EURORDIS Award Contest Welcomes Photos of Life With Rare Disease
The annual EURORDIS Photo Award contest is inviting people worldwide to visually express what life is like with a rare disease, while raising awareness through their work of these disorders.
Submissions for next year’s awards are open until Jan. 31.
The competition is organized by France-based EURODIS, an alliance of rare disease patient organizations, and is open to anyone with an interest in rare diseases. Participants who are under 18 must have parental permission. Each photo must represent or be related to one of the roughly 7,000 rare diseases globally.
During the submissions period, photos will posted to the event gallery for public viewing. From these submissions, Marcus Bleasdale, a prominent National Geographic photographer, will ultimately select five finalists. The public will be asked to vote on these photos online starting on Feb. 11.

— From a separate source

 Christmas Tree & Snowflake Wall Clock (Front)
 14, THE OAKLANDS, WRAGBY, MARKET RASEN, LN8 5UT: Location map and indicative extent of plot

Winners will be announced the night of the EURORDIS Black Pearl Awards, a live-streamed Feb. 24 event that highlights the successes of the rare disease community and raises funds for EURORDIS programs for patients and their families.
The finalist with the most votes will receive the EURORDIS Photo Award and a Go Pro Hero 9 Black or other action camera. The second-place winner will receive a Potensic D80 Drone kit or equivalent, and the person who receives the third-highest number of votes gets a Mini Projector Apeman or other type of video projector. All five finalists will receive a certificate.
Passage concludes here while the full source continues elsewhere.